Todo aquel que conscientemente descubre que Dios le llama a consagrar su vida a través del ministerio del sacerdocio, asume la delicada tarea de hacer vida el sacerdocio de Cristo, de allí la gran responsabilidad, seriedad, y madurez con que debe de asumirse.

Ser sacerdote es un don de Dios, si por don entendemos, aquel regalo inmerecido que a veces recibimos, entonces el sacerdocio es un regalo que se le otorga al candidato, no por sus meritos personales, sino porque Dios en su infinito amor le da la posibilidad de hacer de su vida un medio de santificación convirtiéndose en colaborador fiel y cercano de la redención del hombre. Es bueno recordar a este propósito las palabras del Papa Benedicto XVI:  

“El sacerdote es un don del Corazón de Cristo: un don para la Iglesia y para el mundo. Del corazón del Hijo de Dios, rebosante de caridad, brotan todos los bienes de la Iglesia, y en modo particular tiene su origen la vocación de aquellos hombres que, conquistados por el Señor Jesús, dejan todo para dedicarse enteramente al servicio del pueblo cristiano, bajo el ejemplo del Buen Pastor”

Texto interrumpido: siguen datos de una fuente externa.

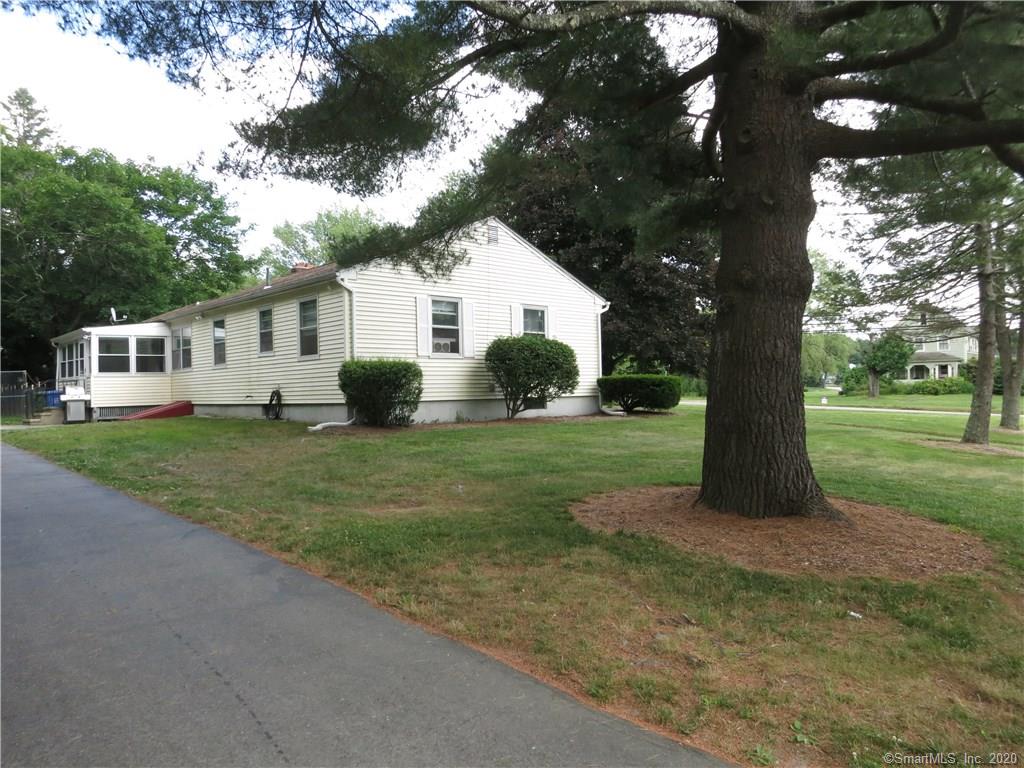 41 Colchester Avenue, East Hampton, Connecticut 06424 MLS 170309461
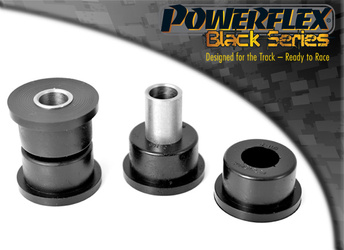 Tuleja tylnego drążka Panharda Powerflex Black Series Audi 80 / 90 - inc S2/RS2 & Quattro (1976 - 2000) & 80, 90 inc Avant (1973 - 1996) PFR3-109BLK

Todos los seres humanos somos conscientes de lo que hacemos, el sacerdote y el futuro sacerdote, no escapan a esta realidad humana, de allí que su responsabilidad es mayor, en el sentido de que no sólo deben asumir con verdadera responsabilidad el rol que les corresponde, sino que deben de testimoniarlo a través de una vida que no sólo parezca santa, sino que debe verse, sentirse y vivirse santamente. Vivan su sacerdocio, no como Uds. creen que deben de vivirlo, vivan como Cristo quiere y les pide día tras día vivirlo, sólo así valdrá la pena vivir el ministerio sacerdotal, gastándose día tras día por aquel que lo dio todo por nosotros.

Muy a propósito del año sacerdotal que concluye, recuerden queridos  sacerdotes que tienen un modelo de vida, muy humano por cierto, y sin embargo tan lleno de Dios, como es el caso de San Juan María Vianney, imiten su sencillez, su humildad, su entrega diaria, su santidad, su clarísimo sentido de la pobreza, su pequeñez, pero al mismo tiempo su coraje, su entrega, su profundo y teológico amor a Dios, muy por encima de sus grandes limitaciones intelectuales, no dejen que la vida tan desordenada en estos últimos tiempos les haga mal entender el sentido verdadero del bien y del mal.